I have no doubt that they enjoyed an interesting specimen — a 93 year old with the face of a 60-year old as a result of a metric ton of Pond’s cold cream, a smell I can invoke to this day as her white-coated face descended to kiss us all goodnight like some maternal ghost. She had a liver with Jack Danielian muscles from 30 years of wrangling ice cubes and crystal, and winning. Somewhere deep inside her I hope the scalpels found her single powerhouse ovary that produced six boys and one daughter. They may also have found a metallic coating around her hand as she ruled our roost with an iron fist; there is a reason her nickname was the Prussian Monarch, or PM for short. The med students would need delicate ligatures to locate and understand a heart as loving, tender and bruised as hers was.

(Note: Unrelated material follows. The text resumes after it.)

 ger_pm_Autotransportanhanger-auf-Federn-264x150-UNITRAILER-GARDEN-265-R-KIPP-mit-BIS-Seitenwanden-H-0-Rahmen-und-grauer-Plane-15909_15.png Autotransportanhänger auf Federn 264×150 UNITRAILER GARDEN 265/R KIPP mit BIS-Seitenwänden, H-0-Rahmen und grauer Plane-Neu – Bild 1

Part of the reason for the box of ashes we are now trying to liberate from the Med School is that my mother found a way to get buried for free. She arranged her own funeral at no cost to her or our family. We could have afforded it easily but something in her bones remembered childhood hardships, the great depression, droughts on her father’s farm, only having one pair of shoes, and the pinched times of raising three, four, oops -there’s another one -five , oh seven children on a single salary. Like her habits of elevating leftovers to art forms, washing and re-folding used aluminum foil, cooking in the same copper-bottomed pots for 65 years or a 20-year obsession with green stamps and coupons, this funeral deal was the ultimate coupon — a free burial.

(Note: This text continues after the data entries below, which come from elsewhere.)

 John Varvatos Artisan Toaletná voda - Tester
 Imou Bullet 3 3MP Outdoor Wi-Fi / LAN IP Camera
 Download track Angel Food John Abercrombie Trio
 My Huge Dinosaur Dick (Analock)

She also liked the idea that living with pulmonary fibrosis for so long and so well might show some curious med student something that could make another’s tube-dragging life a little easier. Some speculated the bourbon was a curative antidote. It is unclear if her 25 years of menthol cigarettes were inculpated or not but her favorite scapegoat was the crop dusters outside her teenage era windows misting her with DDT and methyl parathion along with the adjacent cotton fields. She didn’t bear a grudge, just a curiosity of cause and effect.

The PM’s cremated remains may be the final stop to a very DaVinci like code from her own childrens’ names:

Evelyn Eve of her life daughter

Messenger Ashes are indeed a mess

Voelker Voelker, her discarded maiden name

William Lawyer son who actually did her will

August An august occasion

Robert A good life robbed

Ashbridge And we are back to ashes

She grew up in a northeast Louisiana house set up on stilts to accommodate the flooding of the Mississippi River. She died in a central Louisiana home set up on stilts on the edge of Bayou Macon to accommodate bayou flooding. Seeing the water rise and float away all their firewood didn’t seem to bother her as much as did the long dry periods when row crops failed to get out of the ground. A farmer’s daughter to the end. Those bayous may have held some contrast for her. The definition of a bayou is “A low-gradient waterway capable of flowing either direction depending on weather conditions”. No wishy washy life attitude for mom though. She was the picture of executive function and decisiveness. My father occasionally whispered asides to us “Often wrong but never in doubt” and “In arguments I always get the last words . . . Yes maam”. He then proceeded to do things her way until a monolithic body of evidence induced her to re-route her efforts. It was far the easier way for all of us.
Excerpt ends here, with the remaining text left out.